Low cycle fatigue characteristics and life prediction of 316LN austenitic stainless steel

Abstract

An investigation was conducted on the low cycle fatigue behavior, fatigue life, and fatigue fracture mechanism of forged 316LN stainless steel at 330 ​°C, under varying strain amplitudes. The results indicate that the cyclic softening degree of 316LN austenitic stainless steel increases proportionally with the strain amplitude. This increase can be attributed to variations in the arrangement and development process of the dislocation structure. Additionally, it was observed that both back stress and friction stress augment as the total strain amplitude increases. This phenomenon is primarily caused by enhanced interactions between dislocations and precipitated phases, as well as dislocations themselves. The hysteresis loop area exhibits an increase in direct correlation with the total strain amplitude.
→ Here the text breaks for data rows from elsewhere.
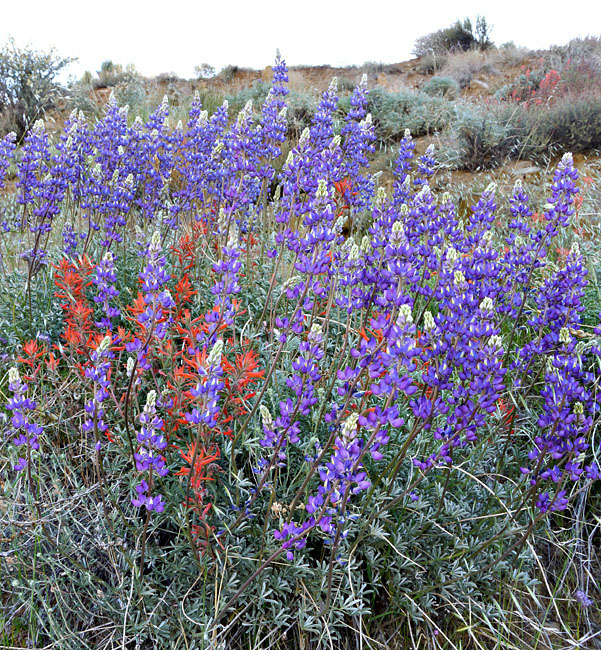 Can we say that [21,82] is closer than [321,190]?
No

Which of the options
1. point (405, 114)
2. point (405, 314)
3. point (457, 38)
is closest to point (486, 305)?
point (405, 314)

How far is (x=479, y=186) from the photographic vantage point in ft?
27.7

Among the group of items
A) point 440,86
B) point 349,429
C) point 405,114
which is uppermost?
point 440,86

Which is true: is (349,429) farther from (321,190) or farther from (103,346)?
(321,190)

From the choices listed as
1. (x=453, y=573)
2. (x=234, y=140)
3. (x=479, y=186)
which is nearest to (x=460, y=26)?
(x=479, y=186)

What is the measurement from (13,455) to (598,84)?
44.1 feet

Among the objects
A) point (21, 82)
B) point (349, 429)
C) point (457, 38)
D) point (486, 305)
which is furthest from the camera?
point (457, 38)

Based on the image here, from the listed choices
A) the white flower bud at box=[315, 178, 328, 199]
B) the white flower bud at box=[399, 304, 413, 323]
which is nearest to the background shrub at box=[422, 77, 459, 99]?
the white flower bud at box=[315, 178, 328, 199]

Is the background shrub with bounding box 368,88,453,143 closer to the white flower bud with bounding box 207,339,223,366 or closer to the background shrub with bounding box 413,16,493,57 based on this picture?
the white flower bud with bounding box 207,339,223,366

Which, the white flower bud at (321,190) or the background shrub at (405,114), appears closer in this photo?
the white flower bud at (321,190)

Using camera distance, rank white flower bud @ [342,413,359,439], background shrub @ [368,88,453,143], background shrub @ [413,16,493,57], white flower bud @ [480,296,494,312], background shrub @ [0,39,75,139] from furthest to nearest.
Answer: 1. background shrub @ [413,16,493,57]
2. background shrub @ [0,39,75,139]
3. background shrub @ [368,88,453,143]
4. white flower bud @ [480,296,494,312]
5. white flower bud @ [342,413,359,439]

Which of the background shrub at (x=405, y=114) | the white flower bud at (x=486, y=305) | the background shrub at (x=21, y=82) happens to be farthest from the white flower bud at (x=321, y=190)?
the background shrub at (x=21, y=82)

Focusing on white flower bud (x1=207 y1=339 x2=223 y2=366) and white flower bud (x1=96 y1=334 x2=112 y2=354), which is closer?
white flower bud (x1=207 y1=339 x2=223 y2=366)

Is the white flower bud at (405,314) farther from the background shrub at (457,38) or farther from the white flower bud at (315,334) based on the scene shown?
the background shrub at (457,38) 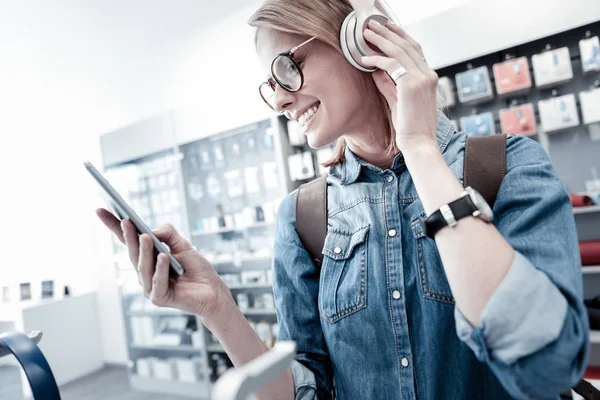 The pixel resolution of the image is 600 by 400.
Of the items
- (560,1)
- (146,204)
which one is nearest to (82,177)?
(146,204)

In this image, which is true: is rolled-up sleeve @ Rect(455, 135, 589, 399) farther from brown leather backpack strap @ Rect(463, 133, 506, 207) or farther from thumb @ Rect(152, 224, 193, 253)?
thumb @ Rect(152, 224, 193, 253)

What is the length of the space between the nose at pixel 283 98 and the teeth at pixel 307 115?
47 millimetres

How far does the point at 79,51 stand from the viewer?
4.17m

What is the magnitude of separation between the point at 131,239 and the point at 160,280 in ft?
0.30

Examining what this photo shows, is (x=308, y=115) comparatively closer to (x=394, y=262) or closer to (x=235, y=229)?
(x=394, y=262)

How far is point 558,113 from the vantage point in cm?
323

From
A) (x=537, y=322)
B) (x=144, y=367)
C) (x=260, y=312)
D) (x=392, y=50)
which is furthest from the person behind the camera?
(x=144, y=367)

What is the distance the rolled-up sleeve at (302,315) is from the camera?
106 cm

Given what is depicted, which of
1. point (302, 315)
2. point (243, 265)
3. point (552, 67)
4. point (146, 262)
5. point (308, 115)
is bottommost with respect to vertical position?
point (243, 265)

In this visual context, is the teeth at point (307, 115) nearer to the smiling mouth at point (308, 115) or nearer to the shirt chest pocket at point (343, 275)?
the smiling mouth at point (308, 115)

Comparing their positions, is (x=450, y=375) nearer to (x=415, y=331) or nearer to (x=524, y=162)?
(x=415, y=331)

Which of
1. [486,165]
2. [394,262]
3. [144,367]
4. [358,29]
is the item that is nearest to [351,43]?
[358,29]

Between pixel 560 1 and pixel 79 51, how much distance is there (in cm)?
424

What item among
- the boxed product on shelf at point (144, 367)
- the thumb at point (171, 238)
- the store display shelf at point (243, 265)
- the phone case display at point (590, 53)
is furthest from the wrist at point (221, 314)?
the boxed product on shelf at point (144, 367) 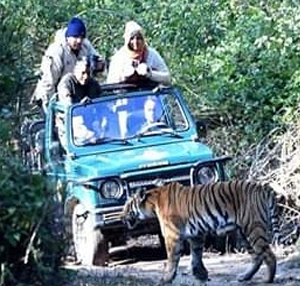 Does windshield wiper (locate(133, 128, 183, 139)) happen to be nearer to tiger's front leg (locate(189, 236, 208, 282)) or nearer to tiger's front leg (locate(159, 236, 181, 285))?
tiger's front leg (locate(189, 236, 208, 282))

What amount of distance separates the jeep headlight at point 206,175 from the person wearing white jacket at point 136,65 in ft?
4.46

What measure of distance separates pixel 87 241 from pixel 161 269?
39.1 inches

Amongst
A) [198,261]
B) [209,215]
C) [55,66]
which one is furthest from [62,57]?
[198,261]

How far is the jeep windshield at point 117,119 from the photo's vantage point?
11844mm

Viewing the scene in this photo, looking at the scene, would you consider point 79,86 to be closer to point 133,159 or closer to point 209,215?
point 133,159

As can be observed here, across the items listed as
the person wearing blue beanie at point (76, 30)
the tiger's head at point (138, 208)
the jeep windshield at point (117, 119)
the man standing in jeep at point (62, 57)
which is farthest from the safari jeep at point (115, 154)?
the person wearing blue beanie at point (76, 30)

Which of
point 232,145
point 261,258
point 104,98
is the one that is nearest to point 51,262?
point 261,258

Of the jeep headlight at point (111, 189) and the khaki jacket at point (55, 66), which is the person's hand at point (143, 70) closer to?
the khaki jacket at point (55, 66)

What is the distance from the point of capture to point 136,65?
12.4 m

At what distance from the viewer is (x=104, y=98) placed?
39.2 feet

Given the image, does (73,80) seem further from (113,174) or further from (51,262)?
(51,262)

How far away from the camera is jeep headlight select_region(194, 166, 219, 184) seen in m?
11.4

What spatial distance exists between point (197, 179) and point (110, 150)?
0.98 meters

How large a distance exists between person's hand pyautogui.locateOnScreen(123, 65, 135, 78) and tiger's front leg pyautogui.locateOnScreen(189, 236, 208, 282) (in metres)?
2.59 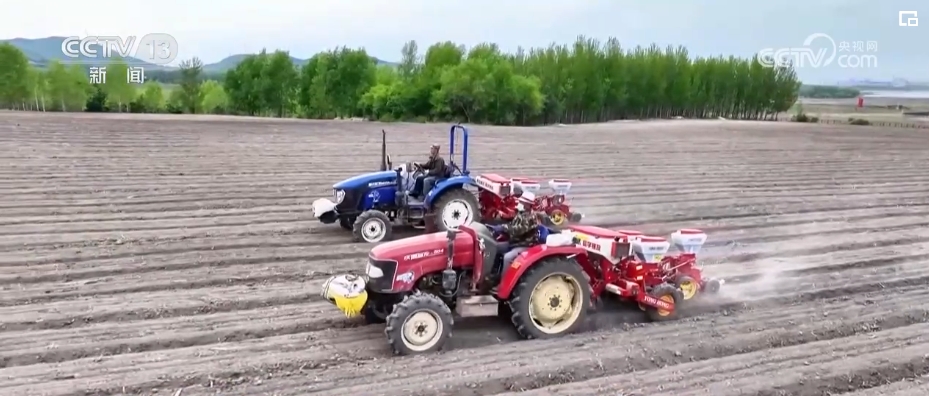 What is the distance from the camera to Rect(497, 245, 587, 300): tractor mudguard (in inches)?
206

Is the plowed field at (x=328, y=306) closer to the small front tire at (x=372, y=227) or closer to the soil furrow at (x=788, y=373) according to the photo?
the soil furrow at (x=788, y=373)

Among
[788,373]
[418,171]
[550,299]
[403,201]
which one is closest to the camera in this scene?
[788,373]

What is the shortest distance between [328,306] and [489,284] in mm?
1423

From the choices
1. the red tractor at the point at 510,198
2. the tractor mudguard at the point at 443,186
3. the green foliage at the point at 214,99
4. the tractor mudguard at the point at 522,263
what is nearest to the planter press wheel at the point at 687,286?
the tractor mudguard at the point at 522,263

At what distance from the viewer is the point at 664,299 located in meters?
5.84

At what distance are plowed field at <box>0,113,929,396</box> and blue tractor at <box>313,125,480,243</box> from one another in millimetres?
386

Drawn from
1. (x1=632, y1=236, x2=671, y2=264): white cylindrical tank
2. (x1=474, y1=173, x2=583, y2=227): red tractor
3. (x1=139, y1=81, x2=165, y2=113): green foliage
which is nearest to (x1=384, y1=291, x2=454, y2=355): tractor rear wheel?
(x1=632, y1=236, x2=671, y2=264): white cylindrical tank

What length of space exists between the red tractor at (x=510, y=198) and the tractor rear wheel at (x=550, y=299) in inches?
119

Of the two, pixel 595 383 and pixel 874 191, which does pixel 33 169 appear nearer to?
pixel 595 383

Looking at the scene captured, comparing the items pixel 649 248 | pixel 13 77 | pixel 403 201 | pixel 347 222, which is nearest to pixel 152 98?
pixel 13 77

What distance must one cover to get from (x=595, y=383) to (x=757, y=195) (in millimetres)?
9543

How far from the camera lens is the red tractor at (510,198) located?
8.70 m

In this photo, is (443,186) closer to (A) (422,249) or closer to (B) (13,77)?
(A) (422,249)

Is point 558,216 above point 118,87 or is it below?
below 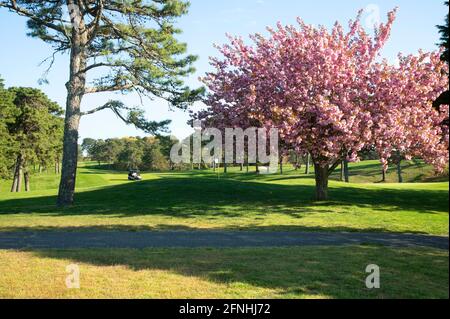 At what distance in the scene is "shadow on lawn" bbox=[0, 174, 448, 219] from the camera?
63.0 feet

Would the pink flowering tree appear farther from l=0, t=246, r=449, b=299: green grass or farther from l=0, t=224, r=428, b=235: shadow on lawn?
l=0, t=246, r=449, b=299: green grass

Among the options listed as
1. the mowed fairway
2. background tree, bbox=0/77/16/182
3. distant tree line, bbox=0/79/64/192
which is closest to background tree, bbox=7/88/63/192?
distant tree line, bbox=0/79/64/192

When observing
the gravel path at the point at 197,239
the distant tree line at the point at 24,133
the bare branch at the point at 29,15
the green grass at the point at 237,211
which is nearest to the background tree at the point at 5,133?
the distant tree line at the point at 24,133

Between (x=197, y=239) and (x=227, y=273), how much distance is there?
443cm

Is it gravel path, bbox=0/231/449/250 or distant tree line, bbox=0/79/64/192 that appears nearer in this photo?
gravel path, bbox=0/231/449/250

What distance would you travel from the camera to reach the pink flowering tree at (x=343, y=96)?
1833 centimetres

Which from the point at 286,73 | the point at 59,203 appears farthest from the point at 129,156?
the point at 286,73

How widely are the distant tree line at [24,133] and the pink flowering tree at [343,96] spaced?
38.2 meters

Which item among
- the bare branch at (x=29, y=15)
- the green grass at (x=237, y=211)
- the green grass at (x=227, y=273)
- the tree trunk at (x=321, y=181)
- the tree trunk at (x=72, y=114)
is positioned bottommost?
the green grass at (x=237, y=211)

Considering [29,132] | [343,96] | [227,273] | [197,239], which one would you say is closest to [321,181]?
[343,96]

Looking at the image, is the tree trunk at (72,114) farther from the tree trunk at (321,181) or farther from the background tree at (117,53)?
the tree trunk at (321,181)

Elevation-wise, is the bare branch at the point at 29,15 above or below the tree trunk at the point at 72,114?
above

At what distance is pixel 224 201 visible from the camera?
22.7m

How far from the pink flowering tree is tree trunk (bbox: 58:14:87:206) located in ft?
31.9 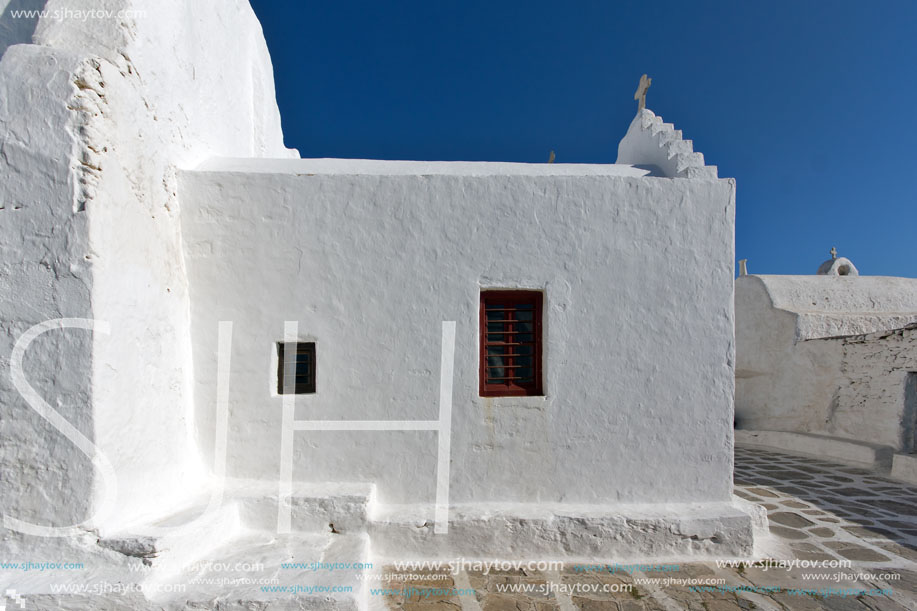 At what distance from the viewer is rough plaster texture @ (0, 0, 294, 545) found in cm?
273

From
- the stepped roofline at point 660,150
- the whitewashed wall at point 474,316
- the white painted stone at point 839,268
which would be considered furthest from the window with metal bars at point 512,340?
the white painted stone at point 839,268

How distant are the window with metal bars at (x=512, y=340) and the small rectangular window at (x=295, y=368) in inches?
53.5

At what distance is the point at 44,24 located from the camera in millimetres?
3174

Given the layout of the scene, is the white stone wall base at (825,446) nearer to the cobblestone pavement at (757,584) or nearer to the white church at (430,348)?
the cobblestone pavement at (757,584)

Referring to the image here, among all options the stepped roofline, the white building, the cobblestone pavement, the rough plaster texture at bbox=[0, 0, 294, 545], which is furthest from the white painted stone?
the rough plaster texture at bbox=[0, 0, 294, 545]

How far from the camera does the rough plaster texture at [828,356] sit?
7.18 metres

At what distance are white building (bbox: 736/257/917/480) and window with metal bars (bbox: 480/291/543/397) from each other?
569cm

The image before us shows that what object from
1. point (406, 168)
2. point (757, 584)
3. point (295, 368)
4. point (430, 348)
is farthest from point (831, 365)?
point (295, 368)

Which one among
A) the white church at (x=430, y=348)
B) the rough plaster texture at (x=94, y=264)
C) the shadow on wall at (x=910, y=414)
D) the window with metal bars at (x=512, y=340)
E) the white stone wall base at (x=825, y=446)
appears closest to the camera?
the rough plaster texture at (x=94, y=264)

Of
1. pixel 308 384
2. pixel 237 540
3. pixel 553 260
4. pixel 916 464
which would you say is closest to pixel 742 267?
pixel 916 464

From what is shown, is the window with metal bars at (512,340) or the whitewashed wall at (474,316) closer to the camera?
the whitewashed wall at (474,316)

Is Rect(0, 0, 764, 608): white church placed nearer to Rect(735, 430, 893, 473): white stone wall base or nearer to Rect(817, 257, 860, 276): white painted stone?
Rect(735, 430, 893, 473): white stone wall base

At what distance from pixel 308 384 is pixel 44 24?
2984 mm

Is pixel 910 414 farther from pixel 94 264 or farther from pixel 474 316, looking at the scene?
pixel 94 264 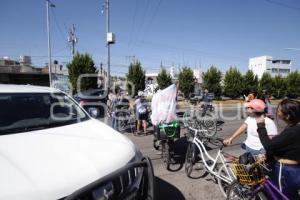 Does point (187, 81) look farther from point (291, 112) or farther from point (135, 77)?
point (291, 112)

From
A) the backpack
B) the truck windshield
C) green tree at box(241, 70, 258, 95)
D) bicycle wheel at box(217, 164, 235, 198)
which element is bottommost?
bicycle wheel at box(217, 164, 235, 198)

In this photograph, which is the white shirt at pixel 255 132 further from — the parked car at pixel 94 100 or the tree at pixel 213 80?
the tree at pixel 213 80

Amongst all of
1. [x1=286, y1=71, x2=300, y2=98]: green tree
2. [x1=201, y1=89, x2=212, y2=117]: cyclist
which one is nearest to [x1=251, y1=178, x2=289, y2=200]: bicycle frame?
[x1=201, y1=89, x2=212, y2=117]: cyclist

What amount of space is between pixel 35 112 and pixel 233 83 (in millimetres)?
33288

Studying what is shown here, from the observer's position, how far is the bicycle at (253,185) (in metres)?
3.04

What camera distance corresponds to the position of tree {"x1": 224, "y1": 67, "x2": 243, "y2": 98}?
33906 millimetres

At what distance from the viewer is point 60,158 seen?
92.7 inches

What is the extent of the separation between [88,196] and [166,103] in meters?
4.04

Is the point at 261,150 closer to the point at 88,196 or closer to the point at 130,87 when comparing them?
the point at 88,196

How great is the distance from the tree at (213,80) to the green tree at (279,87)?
37.2ft

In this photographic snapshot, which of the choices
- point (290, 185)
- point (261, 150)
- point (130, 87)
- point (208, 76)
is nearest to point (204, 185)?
point (261, 150)

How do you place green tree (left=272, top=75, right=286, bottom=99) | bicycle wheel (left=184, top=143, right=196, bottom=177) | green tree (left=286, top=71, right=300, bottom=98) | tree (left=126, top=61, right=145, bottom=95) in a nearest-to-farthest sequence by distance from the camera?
bicycle wheel (left=184, top=143, right=196, bottom=177) < tree (left=126, top=61, right=145, bottom=95) < green tree (left=272, top=75, right=286, bottom=99) < green tree (left=286, top=71, right=300, bottom=98)

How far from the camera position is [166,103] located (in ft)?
19.5

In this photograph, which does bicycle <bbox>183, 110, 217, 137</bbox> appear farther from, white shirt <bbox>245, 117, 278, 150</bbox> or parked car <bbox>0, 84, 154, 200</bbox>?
parked car <bbox>0, 84, 154, 200</bbox> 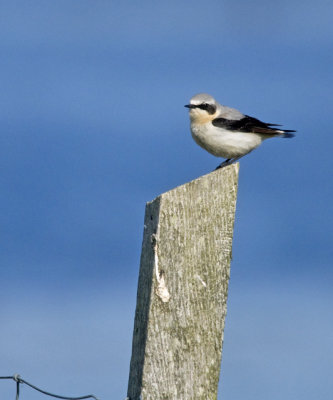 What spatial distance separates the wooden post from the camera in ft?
10.4

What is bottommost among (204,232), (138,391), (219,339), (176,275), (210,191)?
(138,391)

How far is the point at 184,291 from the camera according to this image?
325 cm

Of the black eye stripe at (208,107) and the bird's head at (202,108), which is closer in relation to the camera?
the bird's head at (202,108)

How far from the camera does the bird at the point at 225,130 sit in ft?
23.3

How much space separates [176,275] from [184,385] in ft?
1.81

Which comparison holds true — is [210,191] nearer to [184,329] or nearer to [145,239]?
[145,239]

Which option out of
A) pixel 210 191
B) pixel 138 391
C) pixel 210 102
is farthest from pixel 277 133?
pixel 138 391

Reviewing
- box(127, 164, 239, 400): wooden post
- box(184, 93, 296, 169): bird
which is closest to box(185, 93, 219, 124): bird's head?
box(184, 93, 296, 169): bird

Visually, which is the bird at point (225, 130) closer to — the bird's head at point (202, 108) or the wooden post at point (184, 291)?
the bird's head at point (202, 108)

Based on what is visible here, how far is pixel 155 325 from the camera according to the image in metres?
3.17

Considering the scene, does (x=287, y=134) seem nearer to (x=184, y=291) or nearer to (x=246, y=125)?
(x=246, y=125)

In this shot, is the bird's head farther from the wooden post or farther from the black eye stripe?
the wooden post

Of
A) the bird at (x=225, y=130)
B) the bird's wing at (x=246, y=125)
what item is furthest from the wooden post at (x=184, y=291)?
the bird's wing at (x=246, y=125)

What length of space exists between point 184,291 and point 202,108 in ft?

Moreover, a smaller strain amplitude corresponds to reduced plastic strain energy and increased fatigue life. In engineering applications, the simplicity and universality of a model, along with easily obtainable parameters, are crucial considerations. To evaluate the fatigue life of 316LN austenitic stainless steel, four models were employed: Coffin-Manson fatigue life model, energy life model, three-parameter power model, and three-parameter power life correction model. The predicted data from the three-parameter power life correction model fell within the acceptable error range of 1.2, demonstrating a strong alignment with the experimental values. Consequently, it can be concluded that the three-parameter power life correction model exhibits remarkable accuracy in predicting low cycle fatigue (LCF) behavior, thereby facilitating the safety assessment of component lifespan. The fatigue fracture surface exhibits distinct features of fatigue striations, with a noticeable decrease in the interval between these striations as the total strain amplitude increases.